Since February 2003, Iranian physicist Shahram Rahatlou has been barred from entering the government lab where he worked. The security officials who came to his door never told him what he had done wrong. They said there would be no appeal.

The lab is not in Iran, but at the Stanford Linear Accelerator Center (SLAC) in California. Rahatlou had been working there for nearly five years when officers from the US Department of Energy (DOE) visited him. He had, by all accounts, been an exceptional physicist. SLAC is a purely academic laboratory, which houses no classified research, and the experiment on which he was working makes all its findings publicly available. Even the lab's scientific leaders don't know why Rahatlou was barred from the premises (see page 229).

The DOE, which manages nuclear weapons facilities in addition to running civilian laboratories such as SLAC, has a duty to protect national security. Since the attacks of 11 September 2001, it has subjected many foreign researchers to background checks. But in a democracy, those who come under suspicion should have the right to know the accusations that they face, and have the right to appeal.

Rahatlou may come from a state designated as a “sponsor of terror”, but he is also one of the most hard-working physicists in a collaboration of more than 600 researchers from 10 countries. It is time for the US government to take a second look at his case. The DOE says the matter cannot be discussed further because it is classified, but many scientific officials — including John Marburger, the president's science adviser — have high-level security clearance.

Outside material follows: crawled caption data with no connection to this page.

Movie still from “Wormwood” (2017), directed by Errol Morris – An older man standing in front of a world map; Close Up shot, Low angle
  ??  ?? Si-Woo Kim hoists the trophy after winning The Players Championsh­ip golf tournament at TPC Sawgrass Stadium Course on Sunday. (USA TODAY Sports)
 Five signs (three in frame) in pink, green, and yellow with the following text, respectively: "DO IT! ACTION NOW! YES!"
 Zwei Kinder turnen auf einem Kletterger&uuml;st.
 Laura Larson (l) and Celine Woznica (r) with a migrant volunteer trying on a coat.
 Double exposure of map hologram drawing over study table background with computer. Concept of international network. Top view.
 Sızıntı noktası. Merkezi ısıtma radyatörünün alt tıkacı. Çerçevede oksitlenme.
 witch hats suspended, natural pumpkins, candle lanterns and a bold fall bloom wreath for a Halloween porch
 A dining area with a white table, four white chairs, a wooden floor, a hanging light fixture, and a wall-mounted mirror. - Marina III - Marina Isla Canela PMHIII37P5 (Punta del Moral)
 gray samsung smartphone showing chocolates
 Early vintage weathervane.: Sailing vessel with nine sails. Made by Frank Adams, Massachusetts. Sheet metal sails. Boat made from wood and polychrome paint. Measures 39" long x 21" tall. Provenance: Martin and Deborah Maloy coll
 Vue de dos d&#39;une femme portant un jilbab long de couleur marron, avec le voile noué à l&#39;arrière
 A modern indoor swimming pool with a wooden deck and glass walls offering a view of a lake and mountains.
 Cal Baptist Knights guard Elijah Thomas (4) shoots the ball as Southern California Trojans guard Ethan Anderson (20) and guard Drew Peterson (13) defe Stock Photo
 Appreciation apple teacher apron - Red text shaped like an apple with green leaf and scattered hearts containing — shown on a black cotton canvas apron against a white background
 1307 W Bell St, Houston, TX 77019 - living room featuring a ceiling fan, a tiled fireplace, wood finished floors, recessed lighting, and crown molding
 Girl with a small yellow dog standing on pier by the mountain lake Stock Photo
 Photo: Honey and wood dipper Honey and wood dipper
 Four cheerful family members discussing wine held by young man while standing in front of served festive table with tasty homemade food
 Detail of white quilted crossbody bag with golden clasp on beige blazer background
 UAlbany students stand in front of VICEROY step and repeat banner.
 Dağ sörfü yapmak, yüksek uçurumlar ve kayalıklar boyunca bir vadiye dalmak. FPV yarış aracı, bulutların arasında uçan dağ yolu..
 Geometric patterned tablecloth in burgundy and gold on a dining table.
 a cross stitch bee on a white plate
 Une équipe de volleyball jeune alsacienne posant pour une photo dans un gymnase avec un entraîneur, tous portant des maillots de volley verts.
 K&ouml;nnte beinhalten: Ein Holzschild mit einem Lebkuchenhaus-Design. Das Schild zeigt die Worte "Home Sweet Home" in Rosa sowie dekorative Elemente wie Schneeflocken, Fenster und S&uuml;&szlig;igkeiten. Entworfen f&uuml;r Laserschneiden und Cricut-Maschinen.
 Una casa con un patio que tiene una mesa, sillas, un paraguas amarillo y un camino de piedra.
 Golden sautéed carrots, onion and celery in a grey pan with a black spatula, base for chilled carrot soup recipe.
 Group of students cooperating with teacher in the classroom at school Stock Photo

It is up to them to find a way to give Rahatlou his day in court.

The shocking pictures that have emerged from the Abu Ghraib jail in Iraq have sullied the United States' reputation across the Islamic world. Rahatlou's case is not in the same league of infamy. But it adds to a damaging impression that US officials are prepared to ride roughshod over those they see as potential enemies in the ‘war on terror’. If US labs are to continue to attract the world's best scientific talent, visitors need to know that they will be treated with respect and dignity under the law.